21st KIFF: If music be the food of love, play on…..

India Blooms News Service | | 20 Nov 2015, 08:42 pm
Kolkata, Nov 19 (IBNS): The role of music in world cinema has not been explored as much as it ideally ought to have been. This comes across lucidly through some films screened as part of the 21st KIFF both in its negative and its powerful impacts. Let us take the powerful role music can play in a film. It can be the main protagonist of a film. It can be an agency, it can have curative and rehabilitative effects on disturbed and distraught minds. How aesthetically and socially music can be handled by a talented director is expressed in the Brazilian film The Violin Teacher directed by Sergio Machado screened in the Cinema International Section.
One may not know of Chopin, Bach, Schubert, Vivaldi, Beethoven and other composers beyond their names. One may not know a note of Western classical music, orchestras, waltzes and so on. But one can be deeply impacted by the music composed and orchestrated by the music director duo of Alexandre Guerra and Felipe de Souza. The violin teacher in this film who is a social misfit and suffers from nervous pangs at a critically decisive audition, finds himself as a saviour of lost souls in the slums of Sao Paolo whose young lives he turns around, unwittingly, through his teaching him the beauty of music.
 
The film is inspired from the true story of the Baccarelli Institute and the play Acorda Brasil by Antonio Ermino de Moraes. It illustrates the transforming power of music both for the teacher and for his batch of socially marginalised and disturbed students who live in a slum.
 
The Passion of Augustine on the other hand, screened in International Competition and directed by Lea Pool of Canada, uses the backdrop of the “Quiet Revolution” in Canada which was a period of socio-political and cultural change to narrate the story of a dedicated by extreme disciplinarian Mother Augustus, the principal of a small convent music school and her evolving relationship with her music students.
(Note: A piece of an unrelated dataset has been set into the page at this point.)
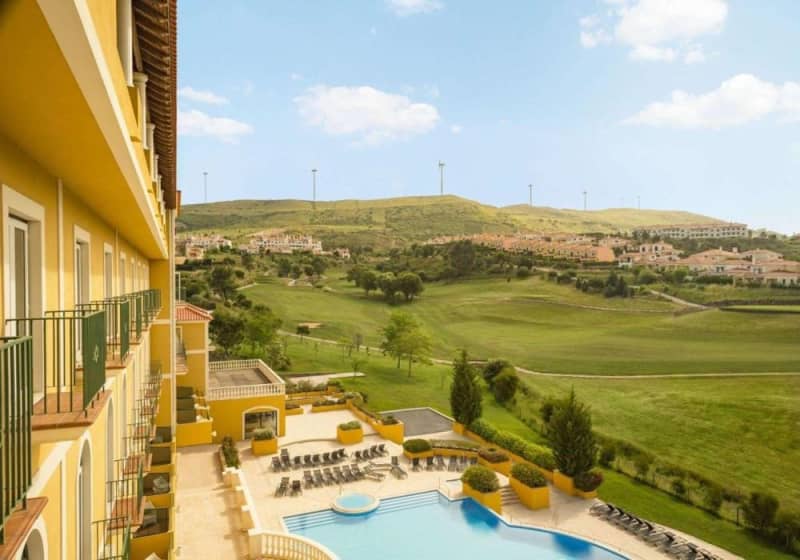Portugal Golf Package - 3 nights B+B at the 5 * Dolce CampoReal + 2 green fees with shared buggy for only R6179 per golfer sharing!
The entire film unfolds against the backdrop of the music lessons, the music practice sessions, the music concerts intercut with some students wanting to break away from the discipline which suddenly takes a complete twist when the socio-cultural revolution demands a change in the very cloistered habit the nuns wear.
 
The performances, the relationships between and among the students of the convent and with their Catholic sisters and mothers in the same convent, are woven beautifully with classical piano works and at least one vocal tribute to Schubert which is performed as a girl’s choir.
 
Indian films like films from other parts of Asia such as Sri Lanka, Bangladesh and Pakistan use music because music forms an integral part of the country’s national and cultural identity. Therefore, the use and positioning of music in the films of these countries is influenced more as a bridge when the script runs out of dialogue, as a time-bridge between childhood and adulthood, as an entertainment factor or as a means to an end rather than an end unto itself. The result is that in most films of these countries, music becomes a dominating factor at times and dominates the narrative instead of complementing it and/or enriching it.
 
Sarmad Sultan Khusat’s Manto, where the director also plays the title role is a Pakistani film which is a fictional biopic on the famous writer Sadat Hasan Manto. This film uses music economically and creatively but uses it much more and more often than the film actually needed the music as it is the biopic of a writer and not a music maestro. Elizabeth Ekadashi directed by Paresh Mokashi, an Indian feature film in Marathi that has won two National Awards, uses the excuse of the pilgrimage town of Pandharpur in Maharashtra to put in as many songs and as loud music as possible to detract from the interesting characterisations of the two kids instead of focussing on their antics. The power of silence, in effect, remains unexplored.